World, as it has always existed, remains not how philosophers and thinkers have idealized it to be. It is an arena of unequal opportunities, where for centuries the elites have feared and protected themselves against the revolts of the poor. Understandably then, world history itself is punctuated with blood-splattered slave, serf and social uprisings.
While on one hand, those who could – the elites – have thrived and progressed from “first-wave” agrarian to “second-wave” industrial and subsequently to the “third-wave” knowledge societies, generating wealth and monopolizing power, on the other hand there is a mammoth population of social, political and economic underdogs who still live and lie as in centuries past. It is this ever-widening gap between the rich and the poor, powerful and the helpless, developed and the under-developed, haves and have-nots that possibly explains the seemingly inexplicable resurgence of religion, ethnicity, language, nationality and a multitude of other such factors that provide the global cleavages and fault-lines, tensions along which give birth to conflicts.

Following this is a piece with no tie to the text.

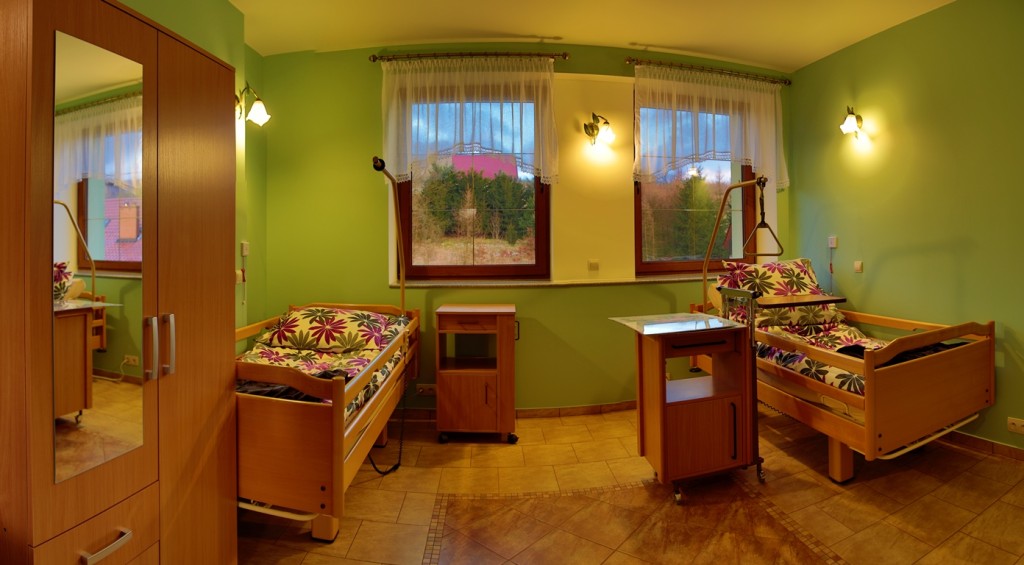Pokoje w Domu Seniora w Świerkach wyposażone są w wygodne łóżka rehabilitacyjne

Decades back, some futurists had predicted that “these multiplying, and fast-widening cleavages represent large-scale threats to peace in the decades ahead.” Today, we are already into an era when world remains torn by the bloody uprisings based on religious, ethnic, political, and economic differences. However, if we look beneath these uprisings, we will see each of these movements have their own economic, political and social causes and agendas tearing the existing nations apart through what has come to be known as civil wars. While as international wars have always attracted enormous global attention, however, in the post-Cold War era, the incidence of civil wars has increased manifold and it is these internationalized internal (intra-state) wars, which remain a major focus of international attention and concern.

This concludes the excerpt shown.